HEBOH PUISI SUKMAWATI

DI SEPERTIGA

pertigaan
belok kanan

Kemayoran,  03042018
------

Saya baca heboh di media sosial soal puisi Sukmawati Soekarnoputri yang disebut-sebut kontra syariat Islam. Tentu saat itu saya belum bersikap sampai bisa membaca puisinya secara lengkap dan menghayatinya. Ini penting. Karena dari dulu, logika di Indonesia,  apresiasi syair/puisi/lirik itu selalu terbuka. Sampai-sampai yang tetakhir masih menggaung, sebutlah 'binatang jalang'  Chairil adalah pencitraan semangat yang mendahului generasi(kelompok)nya,  eksistensi orang-orang yang berani maju lebih dulu. Mengambil inisiatif. Masabodoh dianggap liar.  Tetapi merasa yakin,  ia menghadapi peluru itu untuk siapa?  Tentu bukan untuk dirinya sendiri.  Dia akan menggelombang  susul-menyusul sampai semua generasinya pun tumpah maju semua.

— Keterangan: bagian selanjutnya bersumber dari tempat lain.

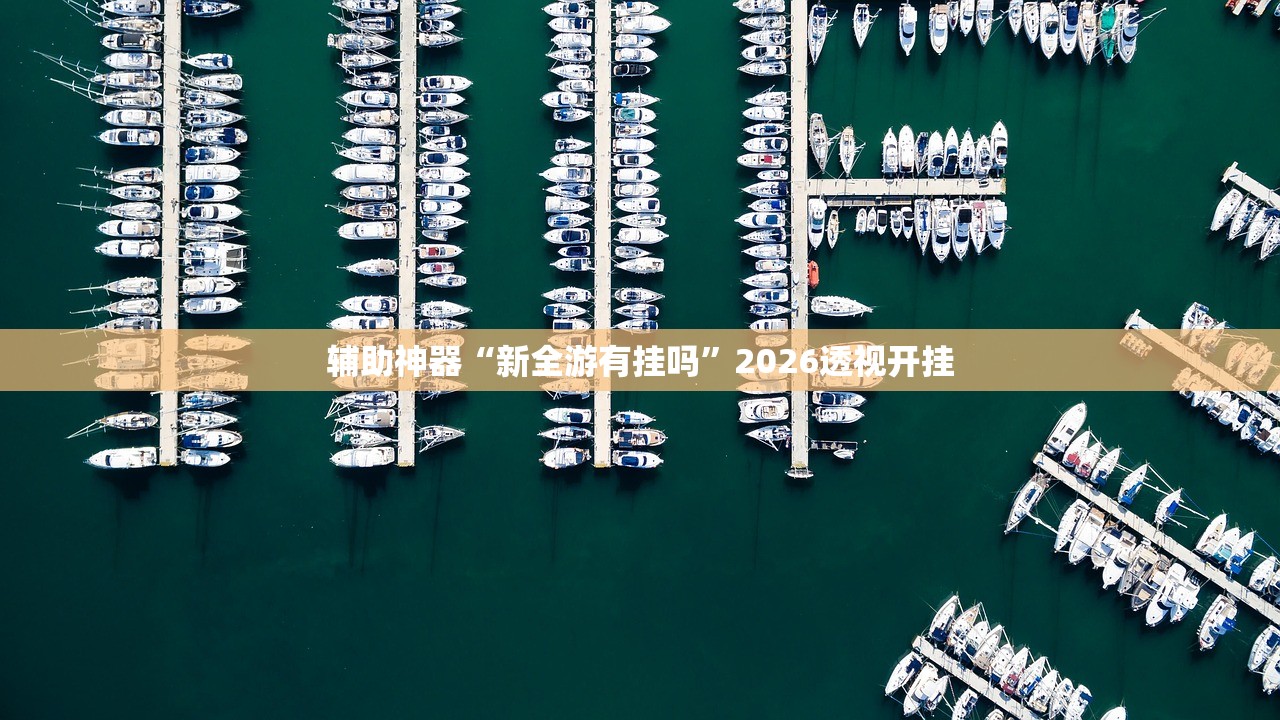 辅助神器“新全游有挂吗	”2026透视开挂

Tetapi sebab kelahiran puisi itu bermula dari kesadaran,  kesaksian dan upaya pencerahan seorang pribadi penyair, maka di kemudian hari masih ada yang mempertanyakan, jangan-jangan Chairil memang 'binatang jalang'. Pribadi yang liar. Yang akan berposisi terbalik dari idiom 'binatang jalang' yang bisa dibaca spirit mulianya. Atau, justru pribadi liarnya yang telah melahirkan cetusan dalam puisi AKU itu.

Kebetulah Chairil Anwar populer dan ditokohkan, sehingga hal-hal yang sensitif pasti sering muncul ke permukaan.  Itu logika sosok yang dibintangkan. Padahal kalaupun Chairil tidak sepopuler sekarang,  biasa-biasa saja,  tidak mustahil karyanya tetap akan diperdebatkan, sampai populer di kalangan khusus dan terbatas.

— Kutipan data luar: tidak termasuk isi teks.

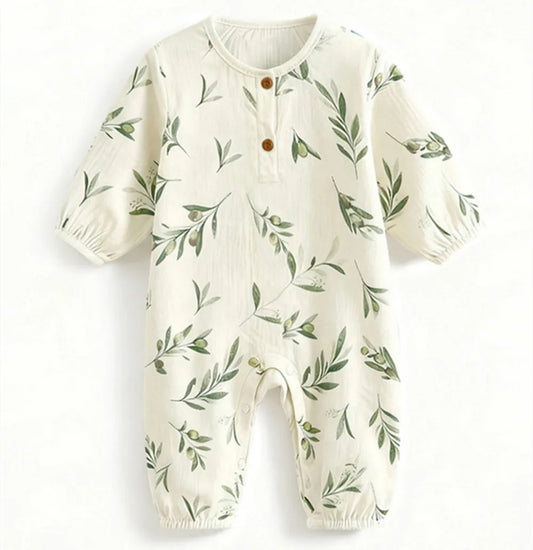 Printed Onesie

Saya selalu bilang.  Mau tak mau,  penyair harus bisa mengunyah dan menelan puisinya. Tanpa teracuni.  Begitupun sebaliknya. Puisi pun harus mampu mengunyah dan menelan bulat-bulat penyairnya. Sehingga bahasa bagus dan indah dalam puisi, serta pesan kemanusiaan yang dalam dan tajam,  bukan cuma rekayasa bahasa.

Rekayasa bahasa tentu 'yes!',  kenapa tidak? Sebab saya suka membayangkan.  Jika ada seseorang beli kacang goreng terbungkus kertas koran, lalu tanpa sengaja dia menemukan puisi yang tidak tersobek di situ.  Utuh. Lalu membacanya seksama.  Bisa terpukau ia.  Bahkan mengabarkannya kemana-mana.  Ini tentu peristiwa selesai tentang suatu puisi yang selamat. Tapi belum soal penyairnya. Sebab ketika dia mengangkat puisi itu dengan kesaksian orang banyak, ternyata perdebatan pun bisa muncul tentang siapa dan bagaimana kepribadian penyairnya. Ini menjadi semacam hukum sosial bagi penyairnya bukan bagi puisinya.  Sebab secara teks puisi itu sudah selesai.  Tetapi tahukah anda? Jika debat buruk soal penyairnya berlarut-larut,  maka tidak mustahil puisinya pun akan semakin diasingkan orang.  Tidak ada yang mau mengabarkan dan menyuarakannya, sampai generasi berikutnya terputus sama sekali dari puisi itu. Atau,  tetap akan dibahas sampai waktu tertentu sebagai sesuatu peristiwa proses kreatif yang buruk.

Catatan awal saya ini bermaksud menunjukkan, bahwa kita di Indonesia (yang bersastra dengan bahasa Indonesia) memang terbuka, atau semakin terbuka, bicara soal karya puisi, dan bicara konsistensi penyairnya dalam melahirkan karya.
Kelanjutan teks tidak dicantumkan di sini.